• Basın Açıklamaları

ABD: Yetkililer, aileleri ayırmaya ve gözaltına almaya son vermeli

Uluslararası Af Örgütü (UAÖ) bugün bir açıklama yayımlayarak, ABD yetkililerinin, Meksika’dan ABD sınırına gelerek sığınma talep eden aileleri çocuklarından ayırmaya ve ailelerle ile çocukları gözaltına almaya derhal son vermesi, bunun yanı sıra Trump yönetiminin hukuka aykırı ve zarar verici politikaları sonucunda birbirinden ayrılan aileleri acilen birleştirmesi gerektiğini söyledi. UAÖ, bu uygulamalara karşı 30 Haziran’da Küresel Eylem Günü düzenliyor.

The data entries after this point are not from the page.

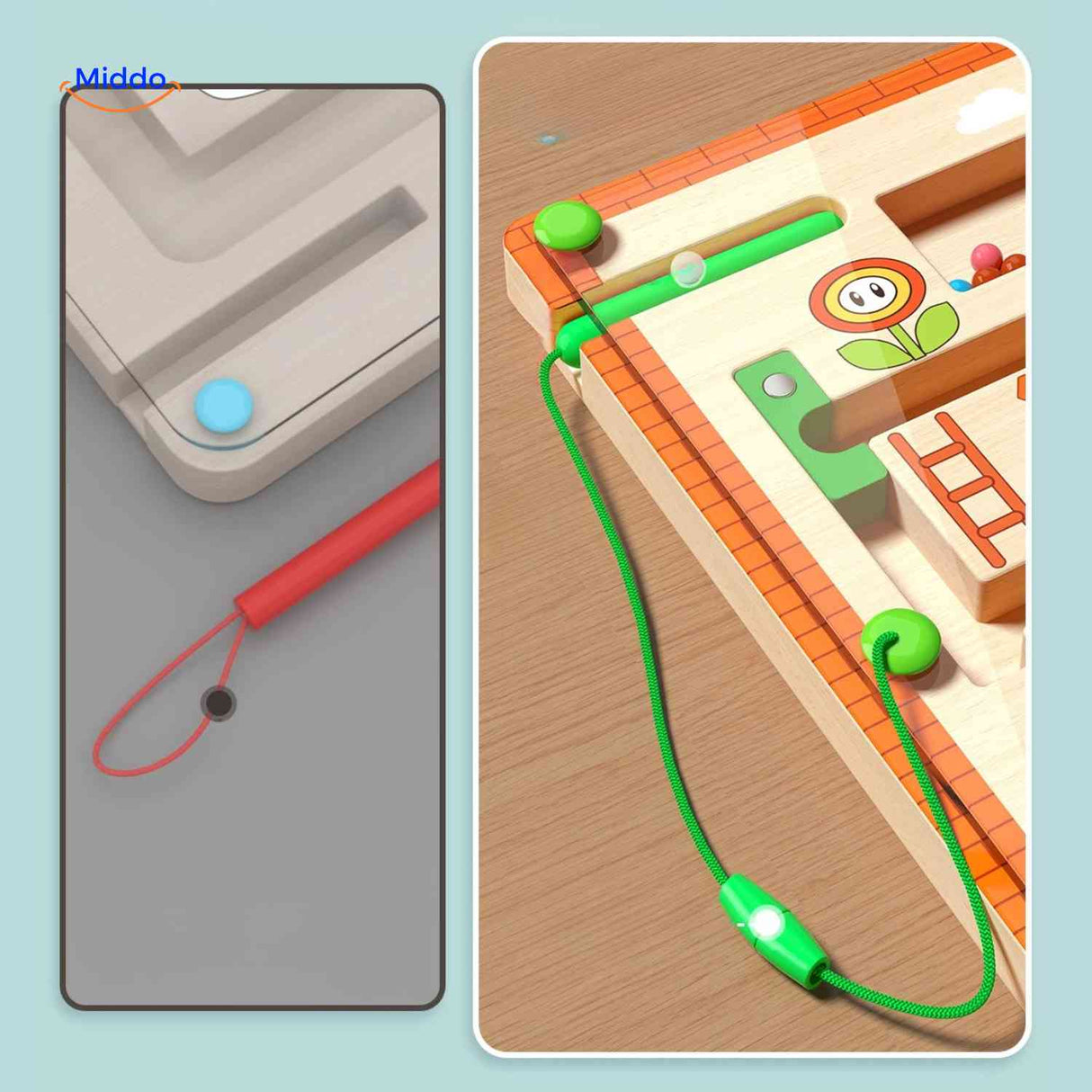 labyrinthe magnétique en bois avec stylo et billes colorées, jouet éducatif pour enfants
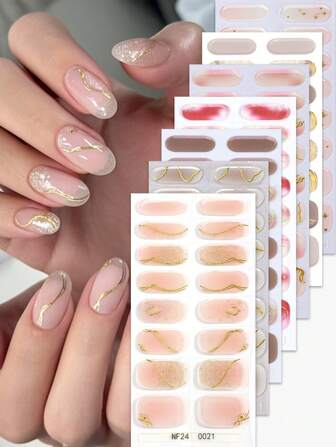 16 片粉色半固化凝胶指甲贴，春夏 3D 烫金线条艺术自粘凝胶指甲全贴，沙龙品质，持续 14 天，女士 DIY 指甲贴纸美甲用品，母亲节礼物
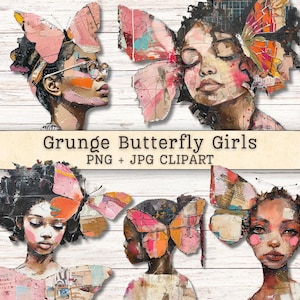 Puede incluir: Obra de arte digital que presenta cinco retratos de mujeres con alas de mariposa. El arte de estilo grunge utiliza tonos rosas, naranjas y azules. El texto "Grunge Butterfly Girls PNG + JPG CLIPART" está visible en la imagen.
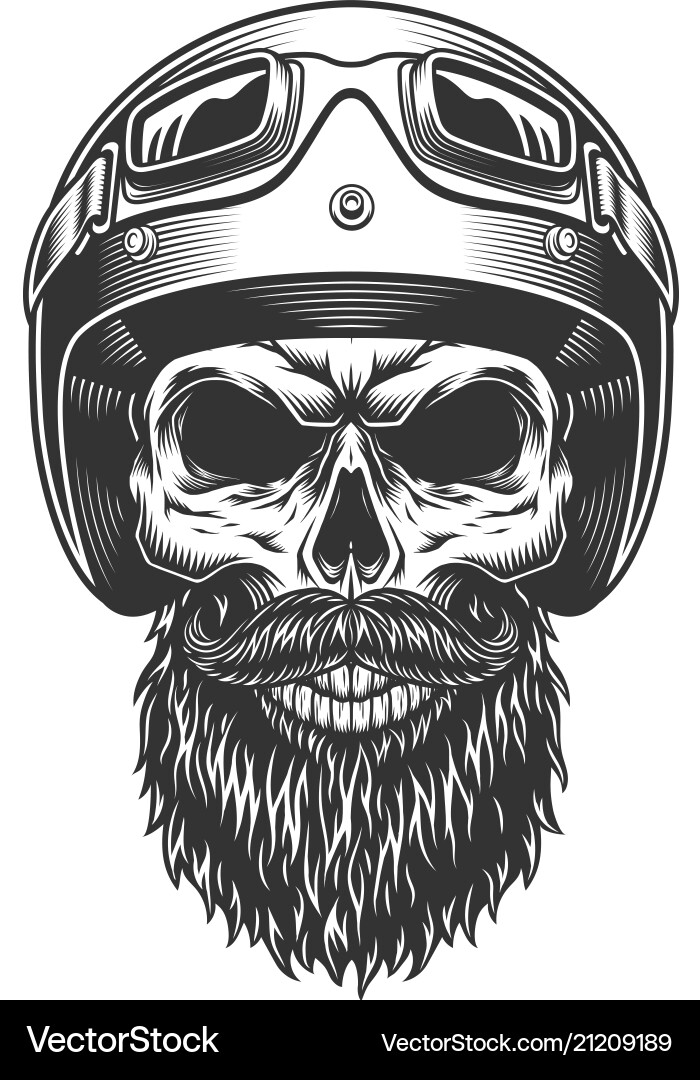 Vintage Biker Skull Vector Image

UAÖ Amerikalar Direktörü Erika Guevara-Rosas konuya ilişkin yaptığı açıklamada, “Başkan Trump’ın geçen hafta imzaladığı kararnameye rağmen korku içindeki binlerce çocuk hala onları bir daha ne zaman göreceğini bilemeyen, perişan haldeki ailelerinden ayrı tutuluyor. Çaresiz aileleri sığınma talep etmekten vazgeçirmek isteyen ABD yetkilileri, çocukları kafeslerde tutarak veya binlerce kilometre uzaktaki sığınma yerlerine götürerek, kasti bir şekilde bu çocukların derin ve uzun süreli zihinsel ıstırap yaşamasına yol açıyor” dedi. Guevara-Rosas, sözlerini şöyle sürdürdü:

“Başkan Trump’ın çocukları ebeveynlerinden ayırmak yerine ebeveynleriyle birlikte hapsetme yönündeki emri, sarsıcı bir cezalandırma yöntemini bir diğeriyle ikame ediyor. ABD yetkilileri sığınma talep eden aileleri derhal serbest bırakmalı ve ailelerin adil ve insani koşullar altında sığınma başvurusunda bulunma haklarına saygı göstermelidir. Hiçbir çocuk ebeveynlerinin kollarından çekip alınmamalı ve parmaklıklar ardında büyütülmemelidir. Aileleri ayırmak ve gözaltına almak gibi insanlık dışı politikalara kesin olarak son vermenin zamanı geldi.”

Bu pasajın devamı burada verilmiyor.